I was further thinking about this process related to GR+extensions:
https://arxiv.org/abs/2303.07661:
(please let me know if we should keep this discussion here or in a separate part of the forum related to theory development, and if so where?)
The extensions would then prevent to form a singularity as due to quantum effects the mass spreads out over a statistically defined volume (I would expect this statisticallty defined volume even can be seen at the event horizon in theory (but with extremely small chance of finding the mass there in case of a large black hole) and further outwards similar als an electron cloud around a nucleus of an atom.

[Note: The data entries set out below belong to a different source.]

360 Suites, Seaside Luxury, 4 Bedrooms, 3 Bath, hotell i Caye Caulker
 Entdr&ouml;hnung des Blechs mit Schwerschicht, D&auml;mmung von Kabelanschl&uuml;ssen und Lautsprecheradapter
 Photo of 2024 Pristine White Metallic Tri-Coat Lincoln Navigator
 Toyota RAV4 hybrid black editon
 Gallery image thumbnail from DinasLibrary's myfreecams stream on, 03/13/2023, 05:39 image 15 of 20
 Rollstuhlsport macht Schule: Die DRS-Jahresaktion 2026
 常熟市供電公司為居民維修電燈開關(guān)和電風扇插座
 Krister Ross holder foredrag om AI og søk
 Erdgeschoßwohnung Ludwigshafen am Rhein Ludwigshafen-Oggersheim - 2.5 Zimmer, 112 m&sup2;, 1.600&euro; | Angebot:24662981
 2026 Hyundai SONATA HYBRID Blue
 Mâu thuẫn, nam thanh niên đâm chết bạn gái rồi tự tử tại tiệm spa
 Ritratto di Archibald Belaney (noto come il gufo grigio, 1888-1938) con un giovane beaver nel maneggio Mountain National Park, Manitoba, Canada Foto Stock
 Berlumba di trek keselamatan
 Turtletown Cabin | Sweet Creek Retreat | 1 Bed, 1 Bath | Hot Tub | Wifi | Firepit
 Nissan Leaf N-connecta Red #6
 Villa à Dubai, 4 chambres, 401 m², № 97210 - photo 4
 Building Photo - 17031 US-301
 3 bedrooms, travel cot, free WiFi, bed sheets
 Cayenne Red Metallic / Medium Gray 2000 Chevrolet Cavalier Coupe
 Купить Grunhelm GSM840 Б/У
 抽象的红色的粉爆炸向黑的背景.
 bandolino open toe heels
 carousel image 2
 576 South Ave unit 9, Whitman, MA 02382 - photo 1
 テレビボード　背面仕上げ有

This statistical distribution should than prevent the singularity. But as this volume is (effectively) still very small, there will be an event horizon. So from outside, the 1 gram of mass still feels the same gravitational field initially, but the field weakens (I mean increases less compared to GR only) as the mass falls further inwards due to the statistical distribution of the mass of the black hole. So further falling in towards the center, more and more mass will be located in shells outside the in falling mass untill in the center there is zero mass left as all the mass is outside similar as in the center of the earth. So no singularity and gravitational field is zero in the center (probably a bit noisy field because of the quantum fluctuations in the mass distribution).
so based on that I am not sure what are the consequences for Hawking radiation under this scenario. I would expect the hawking radiation is still there and the black hole evaporate faster and faster during evaporation as the basic machanism is not different, but as there is no singularity, all the mass will finally radiate away until the mass is so small that the event horizon disappears leaving a normal mass left only.
I also would expect that the infalling mass of a black hole is ripped apart and merges with the statistical mass distribution of the black hole mass. so the spagettification will go different as according to GR only and would be a statistically defined spagetty cloud of mass around the center of the black hole.